Bien entendu tous ces calculs et ces jeux des politiciens bourgeois, de la gauche à la droite, ne peuvent se déployer ainsi et prendre cette importance que dans la situation de calme social que nous connaissons. D'une certaine manière, la cohabitation qu'on nous prépare n'est que le reflet de la passivité de la classe ouvrière. Depuis plusieurs années, face à la stagnation économique, qu'elle paie par un chômage accru, une baisse du niveau de vie et une aggravation des conditions de travail, la classe ouvrière n'a riposté par aucune lutte d'envergure. Les grèves, même limitées dans le temps ou par le nombre des travailleurs impliqués, ont été de moins en moins nombreuses au fil de ces dernières années. Et quelques mouvements de colère spontanés, mais aussi vite retombés qu'apparus, comme ceux des roulants SNCF ou des conducteurs de la RATP, ne contredisent pas ce tableau d'ensemble.

La résignation de la classe ouvrière devant le durcissement de l'exploitation capitaliste est sans aucun doute due d'abord au chômage. C'est le poids d'un nombre toujours grandissant de chômeurs et la crainte de se retrouver parmi ceux-ci qui démoralisent et paralysent ceux qui sont au travail et les amènent à accepter l'aggravation de leur condition et à estimer qu'il n'y a rien à faire, qu'ils sont impuissants. A quoi s'est ajoutée une complète désorientation politique devant le spectacle d'une gauche menant elle-même une politique anti-ouvrière ou cédant sur tous les plans aux pressions de la droite et du patronat.
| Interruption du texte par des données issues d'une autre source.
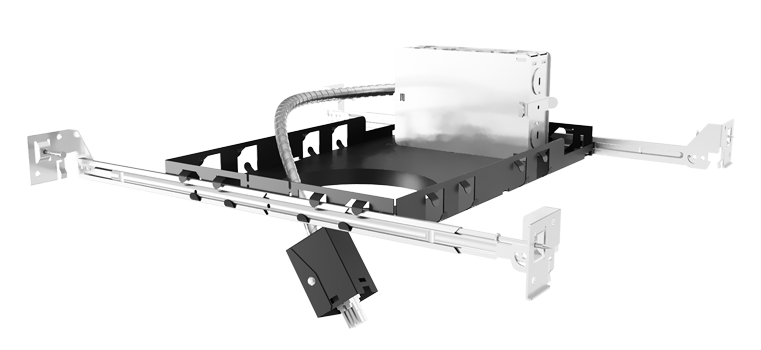 Elco Lighting Birch 4" New Construction Plaster Frame, 90-Minute Battery Backup, ELB4PF-EM5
C'est sur ce fond de démoralisation de la classe ouvrière que les possédants peuvent se montrer de plus en plus arrogants et exigeants. C'est sur ce fond que les politiciens de gauche et de droite peuvent s'efforcer de mener leur jeu et leur politique sans tenir compte d'autre chose que de satisfaire la bourgeoisie, son désir d'augmenter encore l'exploitation et de voir le système tourner sans à-coups.

Rarement dans une élection nationale il n'aura été aussi évident qu'il n'y a aucun enjeu pour les travailleurs. Non seulement cinq ans de gouvernement socialiste ont montré que la gauche avait une politique aussi anti-ouvrière que la droite, mais de plus les résultats de ces élections ont toutes les chances de déterminer simplement les degrés de la combinaison gouvernementale gauche-droite que tout le monde prépare. Le Parti Communiste a bien raison de souligner qu'un vote pour les socialistes n'est même pas un vote pour la gauche contre la droite puisque c'est un vote pour des gens qui s'apprêtent à cohabiter avec cette droite, même si le PCF oublie de dire qu'un vote pour lui-même n'est, lui aussi, qu'un vote pour une nouvelle combinaison gouvernementale avec ces mêmes socialistes, à moyen ou à long terme.

Mais puisque les socialistes eux-mêmes nous disent aujourd'hui, dans les faits, que la traditionnelle distinction entre gauche et droite n'a pas de sens, la seule manière dont les ouvriers conscients peuvent se servir de ces élections, c'est pour montrer qu'ils savent que leur sort ne dépend ni des résultats électoraux, ni du futur Parlement, ni des combinaisons des politiciens, mais des luttes de la classe ouvrière.

Si la classe ouvrière est passive et démoralisée aujourd'hui, il n'en sera pas toujours de même.

Oui, un jour prochain les luttes de la classe ouvrière feront voler en éclats tous les calculs et toutes les combinaisons des députés, ministres ou chefs de partis bourgeois, donneront le coup de pied dans la fourmilière du système. Le vote pour les listes révolutionnaires présentées par Lutte Ouvrière dira combien de travailleurs sont bien conscients de cela. En ce sens même si les chiffres obtenus par l'extrême gauche seront sans doute bien faibles et comme à l'accoutumée, sembleront négligeables aux commentateurs bourgeois, c'est pourtant eux qui pourraient être les plus lourds de sens pour l'avenir s'ils montraient un renforcement du courant de ceux qui, se moquant éperdument de toute cohabitation, mettent leurs seuls espoirs dans la lutte de classe.